Sunday, May 19, 2024

ToV PDF Thoughts, Part 11

Is Tales of the Valiant a CR+1 game?

Now that I am reading it more, yes, at low levels, but not really at higher levels. You start out with a little more power, but things feel well-built and balanced, and they don't get as out-of-control and loose as they do in 5E at higher levels.

Unlike in 5E, where certain classes can feel underwhelming at higher levels due to their damage not scaling, Tales of the Valiant has addressed this issue. The game's mechanics have been meticulously refined, resulting in a more balanced and engaging experience across all classes and levels.

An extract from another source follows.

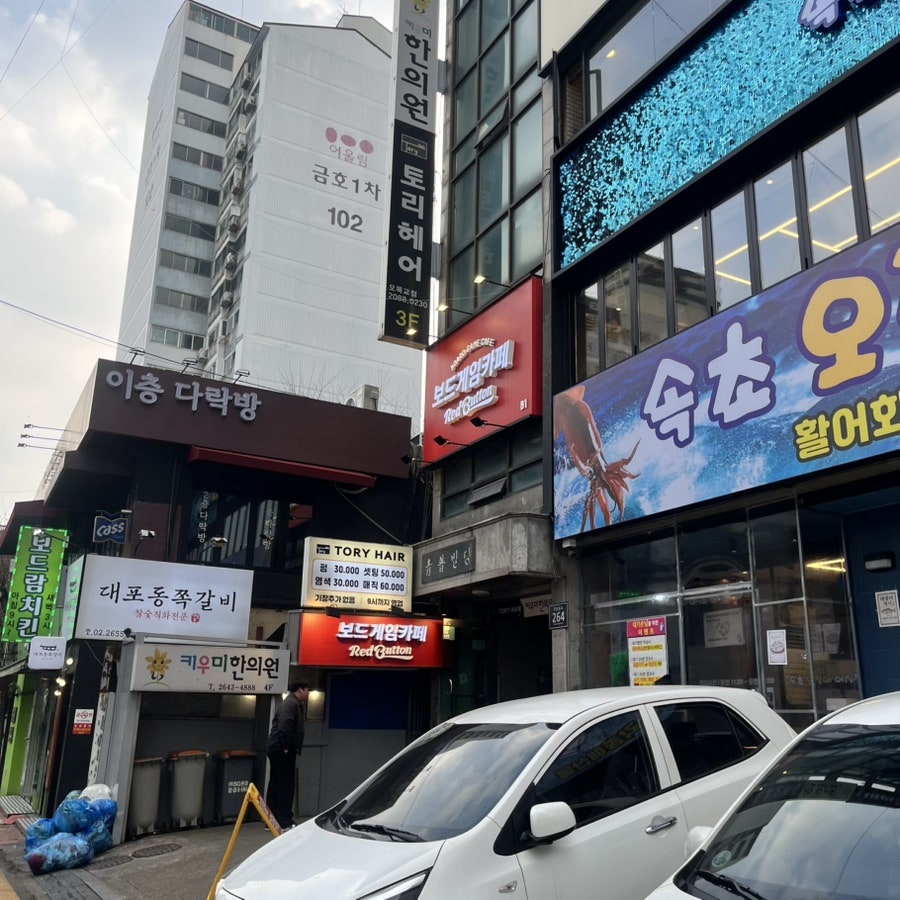레드버튼 오목교점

ToV was designed to play well at higher levels. It may start as a CR+1 game, but as you level, it feels like it goes back to CR+0 and stays there. The underpowered, squishy nature of low-level 5E characters looks like it was fixed.

D&D was the problem here.

Also, since Kobold Press tends to design CR+1 monsters, it is easy to paint the system as a CR+1 system, but I need to take a step back. The builds in 5E were so out of control that character power was becoming exponential in nature. A hyper-optimized 5E character, built by the rules, is a CR+2 to CR+4 build. Some classes suck so hard they are like a CR-1.

Once everyone's class works and is a viable option, the party suddenly becomes more powerful.

D&D 5E has balanced itself around optimized characters, which may already be a CR+1 system. Thus, KP had to create and sell monster books around CR+1. This is why they sold so well; the challenge level suited the average group with optimized characters. Only when you roll back to the original book does everything suddenly appear to be CR+1 and a bit powerful?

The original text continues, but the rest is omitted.